Chancellor George Osborne announced the five-year appointment in parliament today, speaking nine days before he delivers what is expected to be a gloomy Autumn Statement on the state of the economy. Osborne described Carney as 'an outstanding banker of his generation'.
'I look forward to working with Mark as we continue to rebalance our economy, deal with our debts, and equip Britain to succeed in the global race. We needed the best – and in Mark Carney we’ve got it,' Osborne added.
City economists cautiously welcomed the appointment, pointing to Carney's strong record and good reputation at the head of the Bank of Canada. They added however that it was unclear whether his appointment would alter the Bank of England's policy leaning. 'Carney is generally seen as pragmatic and astute economist, rather than one with a predilection for one particular school of economic ideas,' noted JP Morgan economist Malcolm Barr.
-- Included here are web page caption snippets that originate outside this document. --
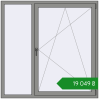 Ціноутворення Вікна 1500x1500 мм Altest Pony 375 RAL 9007 Grey aluminium з двох сторін. Ціна: ₴19,048.87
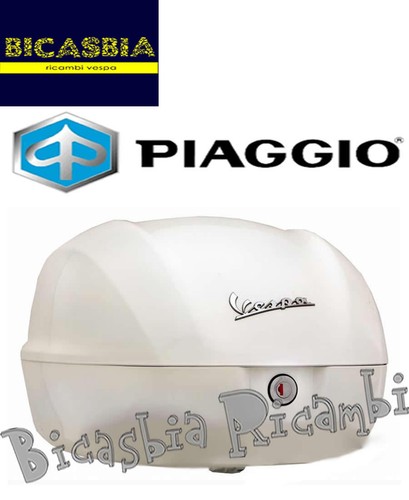 9433 top case arrière blanc - arrière,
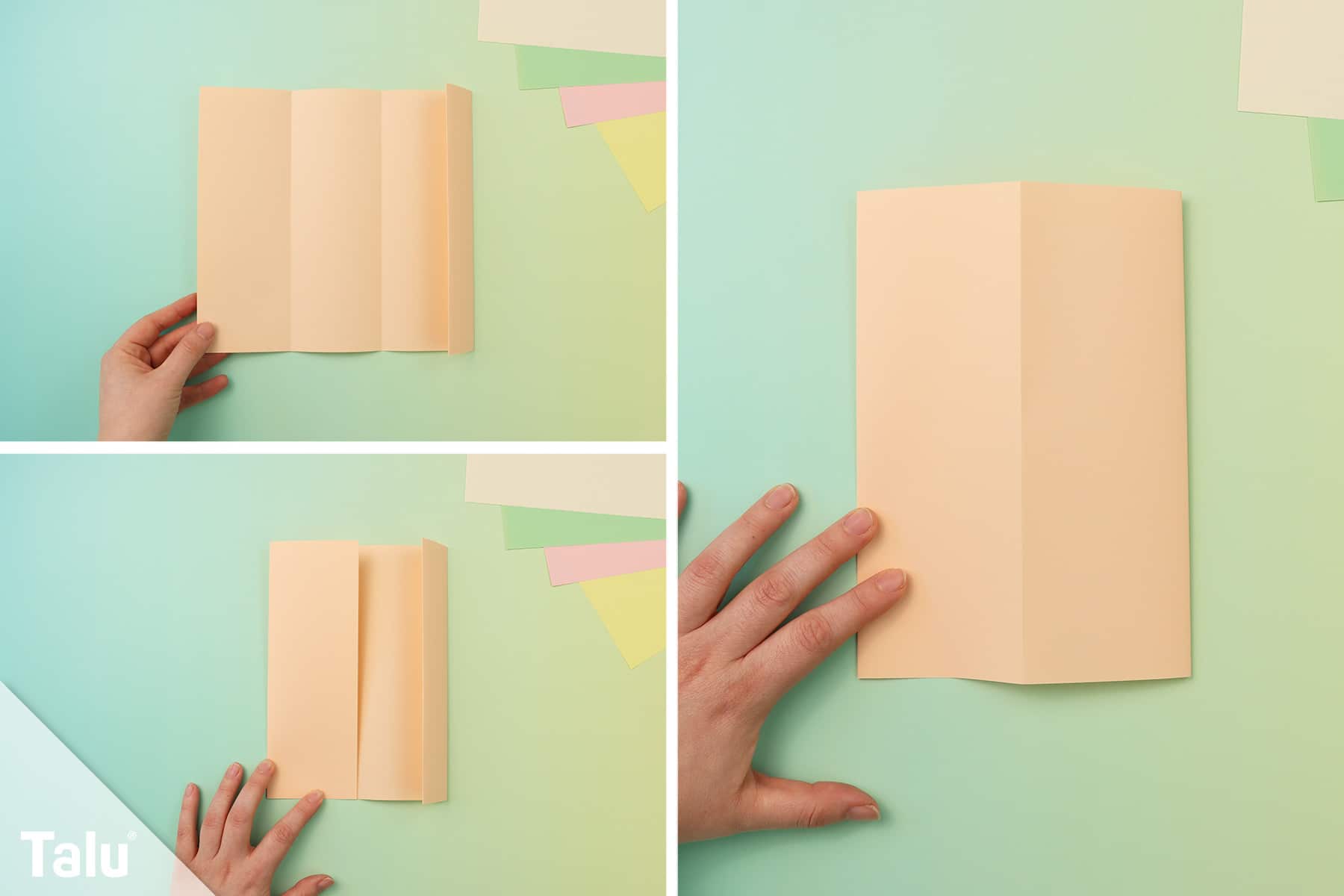 Geldbeutel aus Papier falten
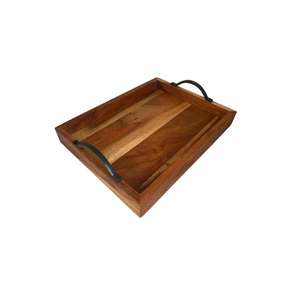 Plato para servir galletas y aperitivos, bandeja personalizada de madera pulida, suministros para restaurantes y cafeterías de Hotel, bandejas ecológicas con logotipo - Product Image 4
Rob Carnell of ING Bank said other factors would influence the central bank's choice of policies: 'The funding-for-lending scheme remains the major policy initiative right now, and its success or otherwise will likely determine whether the Asset Purchase Scheme is dusted down once more, or passed over.'
King’s tough tenure
Mervyn King became governor of the Bank in 2003, first presiding over a period known as the ‘great stability’ and then the credit crisis and financial crash that began in 2007.
King, alongside his former counterpart at the US Fed, Alan Greenspan, have been retrospectively criticised for their low interest rate policies of that time, which may have encouraged excessive lending and borrowing.
Since then, under King’s leadership interest rates have been kept at record lows, while the Bank of England has embarked on a huge asset purchase programme, spending £375 billion on quantitative easing to boost the economy. This programme has however proven controversial, with doubts about its benefits for the real economy. Meanwhile, inflation, as measured by the consumer prices index (CPI) targeted by the Bank of England, has averaged 3.2% over the past five years – above the target of 2%.
Many economists have questioned whether the Bank should slavishly stick to its inflation target. King himself used a speech last month to conclude that it was too soon to ditch the target, but that more leeway is needed to let the inflation rate drift away from 2.0% in order to take action to avert financial crises. ‘There may be circumstances in which it is justified to aim off the inflation target for a while’, the governor said.
'Upheaval' at the Bank
Osborne announced that Charlie Bean, one of two deputies at the Bank of England, had agreed to stay on for another year. But Tucker, the other deputy who was thought a dead-cert for the governor post, was not mentioned.
'Today’s appointment could well usher in a period of significant upheaval at the Bank of England,' commented Investec economist Philip Shaw.
Tucker, who has 32 years of experience at the Bank of England, may have lost out on the top job after being hauled in front of a committee of MPs this summer. He was accused of pressuring Barclays to manipulate its Libor submissions, claims that he strenuously denied.